Data Ops-Based Workflow Creation and Management
Data Ops-Based Workflow Creation and Management
Overview
Data Ops is a managed workflow orchestration service based on Apache Airflow that creates and automates workflows for periodic and repetitive data processing tasks.
It can be used independently in the Samsung Cloud Platform’s Kubernetes Engine cluster environment or with other application software.
Architecture Diagram
System Manager applies for the Data Ops service to manage workflows for periodic and repetitive data processing tasks (extraction/loading/transformation/refining).
Data Engineer can modify the settings of the Data Ops service and manage additional plugins/library files through Ops Manager.
The Data Ops service is based on Apache Airflow and allows writing, scheduling, and monitoring workflows in DAG (Directed Acyclic Graph) format.
- The worker that executes actual tasks runs dynamically.
- The worker that executes actual tasks runs dynamically.
It can perform workflow-based tasks in conjunction with various systems such as Data Flow, Cloud Hadoop, Legacy System, and Object Storage.
Use Cases
Data-Driven Workflow Orchestration
Data Ops can orchestrate data-driven workflows, especially ETL/ELT.
It automatically organizes, monitors, and executes workflows.
It can be used as a scenario where tasks are executed through Spark and the results are stored in Cloud Hadoop.
Batch Workloads
It can be used as a pipeline that performs tasks such as fetching and transforming data from multiple sources in ETL pipelines or ELT tasks.
It can increase the visibility of batch processes and shorten the development cycle by separating batch tasks.
It is suitable for batch processing tasks that can handle delays between task executions.
Enterprise Scheduling
By linking with command shells, APIs, and enterprise execution containers, it can be scheduled with existing application tools.
It can orchestrate data pipeline services by communicating with existing services.
Pre-requisites
None
Limitations
None
Considerations
To use Data Ops, an Ingress Controller must exist within the cluster.
Related Services
This is a list of Samsung Cloud Platform services related to the features or configurations described in this guide. Refer to it when selecting and designing services.

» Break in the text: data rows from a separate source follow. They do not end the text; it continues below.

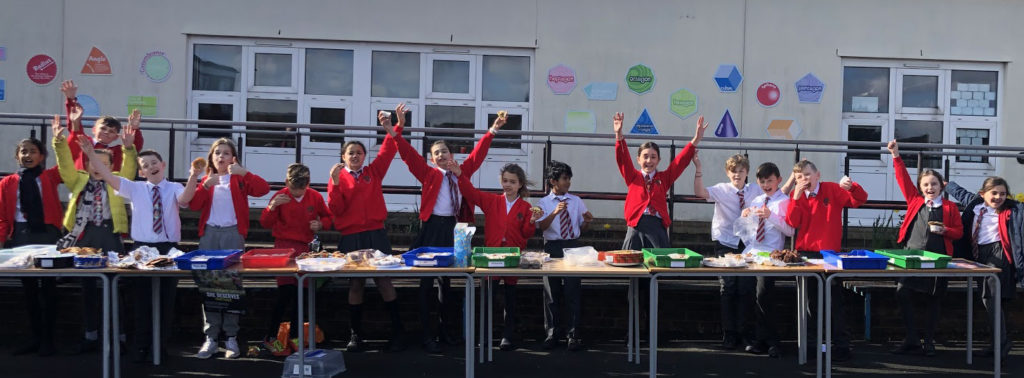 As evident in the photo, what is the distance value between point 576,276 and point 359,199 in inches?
74.8

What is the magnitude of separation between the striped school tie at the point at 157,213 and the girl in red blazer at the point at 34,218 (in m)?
0.99

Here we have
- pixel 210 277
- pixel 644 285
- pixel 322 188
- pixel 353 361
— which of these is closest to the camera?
pixel 210 277

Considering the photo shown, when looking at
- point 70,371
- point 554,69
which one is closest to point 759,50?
point 554,69

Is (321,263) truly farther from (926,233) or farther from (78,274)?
(926,233)

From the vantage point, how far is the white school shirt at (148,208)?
5.86 metres

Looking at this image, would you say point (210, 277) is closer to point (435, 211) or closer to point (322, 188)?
point (435, 211)

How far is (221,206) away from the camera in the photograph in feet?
19.9

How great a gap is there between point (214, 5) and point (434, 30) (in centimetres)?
278

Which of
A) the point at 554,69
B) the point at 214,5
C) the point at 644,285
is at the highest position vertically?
the point at 214,5

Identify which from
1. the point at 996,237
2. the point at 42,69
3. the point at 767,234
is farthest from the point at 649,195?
the point at 42,69

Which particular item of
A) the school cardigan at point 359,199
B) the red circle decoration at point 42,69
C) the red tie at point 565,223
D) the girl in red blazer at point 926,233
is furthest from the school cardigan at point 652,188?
the red circle decoration at point 42,69

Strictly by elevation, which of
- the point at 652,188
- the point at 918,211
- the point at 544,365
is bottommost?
the point at 544,365

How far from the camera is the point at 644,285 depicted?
21.6 ft

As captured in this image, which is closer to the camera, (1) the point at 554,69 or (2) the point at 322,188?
(2) the point at 322,188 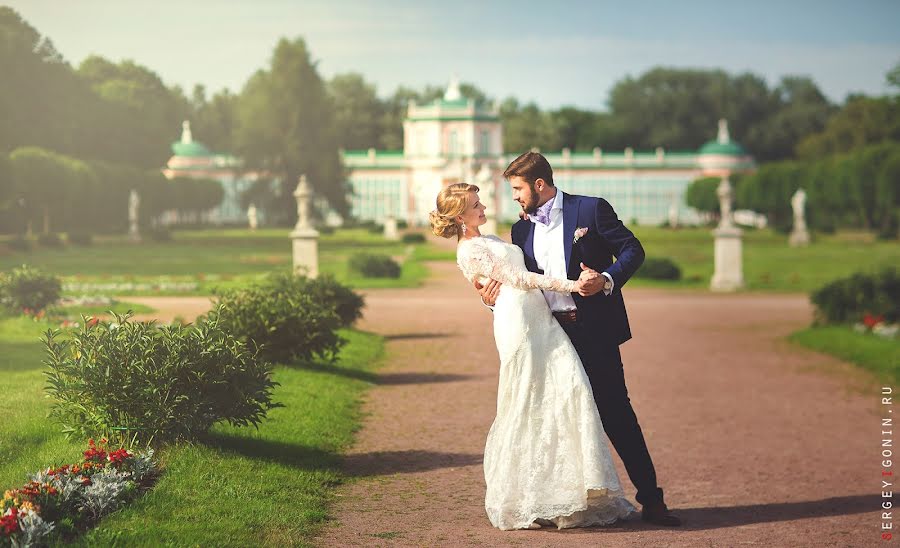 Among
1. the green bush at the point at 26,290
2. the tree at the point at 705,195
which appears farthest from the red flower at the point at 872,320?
the tree at the point at 705,195

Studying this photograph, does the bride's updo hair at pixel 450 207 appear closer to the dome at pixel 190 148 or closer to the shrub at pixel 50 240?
the shrub at pixel 50 240

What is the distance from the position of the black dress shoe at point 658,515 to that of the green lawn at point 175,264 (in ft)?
17.3

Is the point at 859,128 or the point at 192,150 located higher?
the point at 859,128

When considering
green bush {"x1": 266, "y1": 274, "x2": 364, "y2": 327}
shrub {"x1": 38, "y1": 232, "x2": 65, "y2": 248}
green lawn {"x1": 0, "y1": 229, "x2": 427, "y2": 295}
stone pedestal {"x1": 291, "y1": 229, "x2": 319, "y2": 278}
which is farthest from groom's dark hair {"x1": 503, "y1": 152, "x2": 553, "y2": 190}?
stone pedestal {"x1": 291, "y1": 229, "x2": 319, "y2": 278}

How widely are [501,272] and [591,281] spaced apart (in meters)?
0.44

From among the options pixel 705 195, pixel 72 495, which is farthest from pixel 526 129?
pixel 72 495

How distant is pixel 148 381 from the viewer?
6.80 m

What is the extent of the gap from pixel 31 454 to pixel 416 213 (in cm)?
7179

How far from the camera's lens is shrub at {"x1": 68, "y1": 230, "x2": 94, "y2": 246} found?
18044 mm

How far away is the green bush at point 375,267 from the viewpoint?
26516 millimetres

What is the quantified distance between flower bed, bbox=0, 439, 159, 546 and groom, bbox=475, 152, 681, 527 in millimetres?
1921

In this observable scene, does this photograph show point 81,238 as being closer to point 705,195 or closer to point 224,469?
point 224,469

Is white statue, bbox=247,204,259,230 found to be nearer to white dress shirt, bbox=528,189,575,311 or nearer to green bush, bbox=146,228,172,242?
green bush, bbox=146,228,172,242

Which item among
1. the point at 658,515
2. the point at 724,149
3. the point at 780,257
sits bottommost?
the point at 780,257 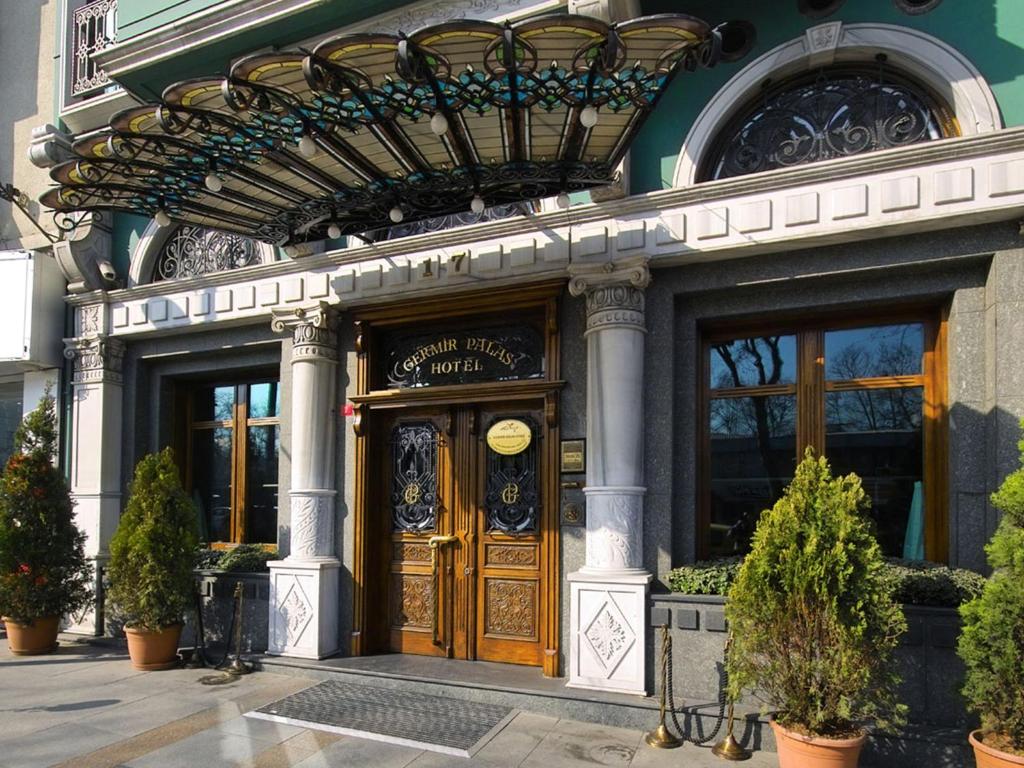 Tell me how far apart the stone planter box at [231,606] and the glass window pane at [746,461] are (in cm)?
486

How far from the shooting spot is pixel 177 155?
587cm

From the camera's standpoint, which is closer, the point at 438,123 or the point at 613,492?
the point at 438,123

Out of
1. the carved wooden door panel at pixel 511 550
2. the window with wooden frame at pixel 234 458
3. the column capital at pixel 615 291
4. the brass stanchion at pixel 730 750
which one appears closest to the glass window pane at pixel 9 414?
the window with wooden frame at pixel 234 458

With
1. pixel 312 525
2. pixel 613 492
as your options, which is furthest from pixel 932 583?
pixel 312 525

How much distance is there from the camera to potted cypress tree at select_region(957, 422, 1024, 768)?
4227 millimetres

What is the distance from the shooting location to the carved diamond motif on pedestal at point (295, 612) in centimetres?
749

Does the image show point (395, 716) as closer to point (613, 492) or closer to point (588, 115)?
point (613, 492)

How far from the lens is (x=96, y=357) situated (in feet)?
30.7

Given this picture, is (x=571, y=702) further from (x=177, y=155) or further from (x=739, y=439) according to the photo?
(x=177, y=155)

| Service Group | Service | Detailed Description |
|---|---|---|
| Container | Kubernetes Engine | Kubernetes container orchestration service |
| Storage | File Storage | Storage that allows multiple client servers to share files through network connections |
| Storage | Object Storage | Object storage that is convenient for data storage and retrieval |
| Networking | VPC | Service that provides an independent virtual network in a cloud environment |
| Networking | Security Group | Virtual firewall that controls VM traffic |
| Networking | Load Balancer | Service that automatically distributes server traffic loads |
| Data Analytics | Data Flow | Service that automates data processing flows by extracting/transforming/transferring data from various sources |